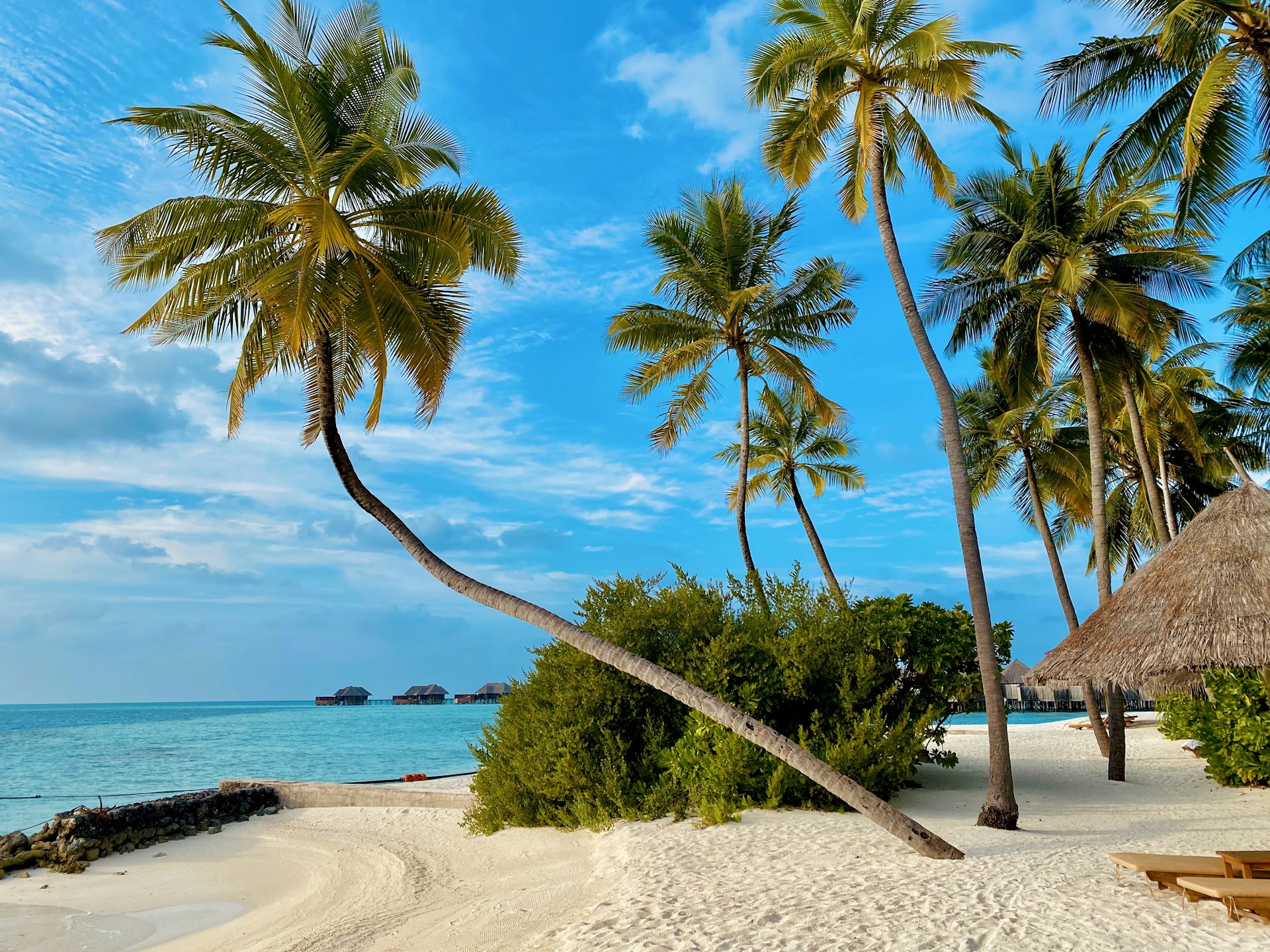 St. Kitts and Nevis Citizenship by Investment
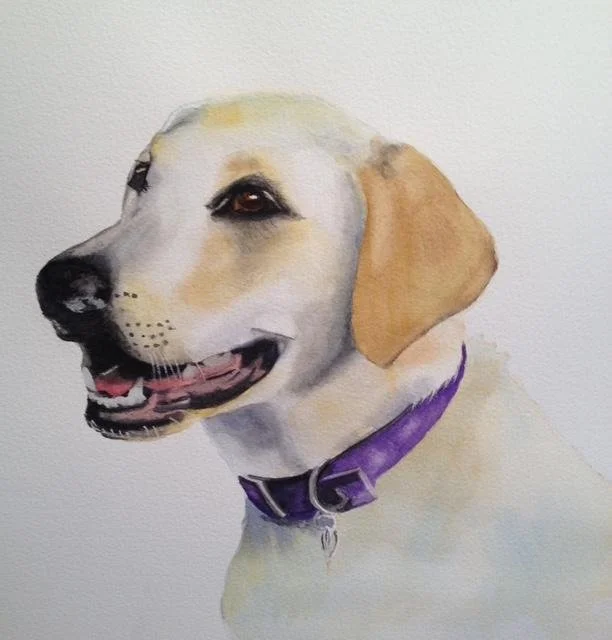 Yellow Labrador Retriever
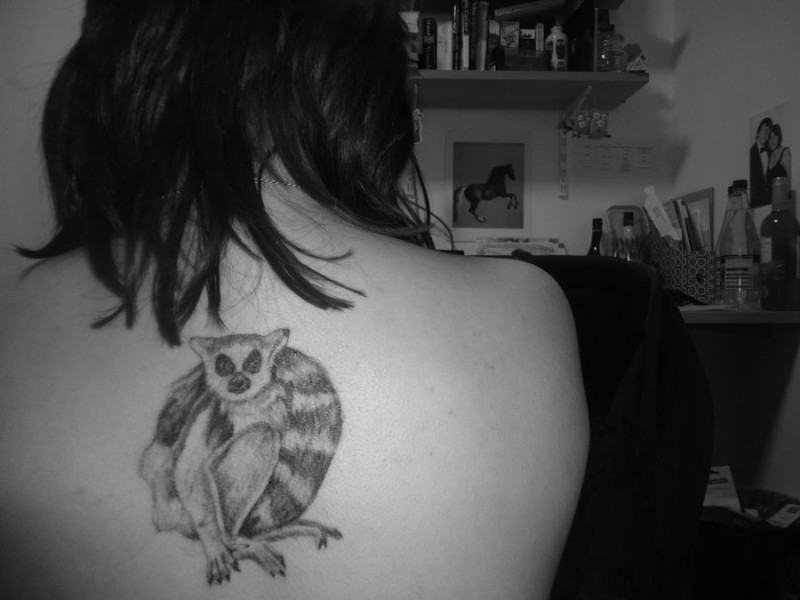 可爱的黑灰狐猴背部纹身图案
======
- **YOUR INSTRUCTIONS**: Would you write out all of the data exactly as it stands, without the pictures?

- **YOUR RESPONSE**:
 St. Kitts and Nevis Citizenship by Investment
 Yellow Labrador Retriever
 可爱的黑灰狐猴背部纹身图案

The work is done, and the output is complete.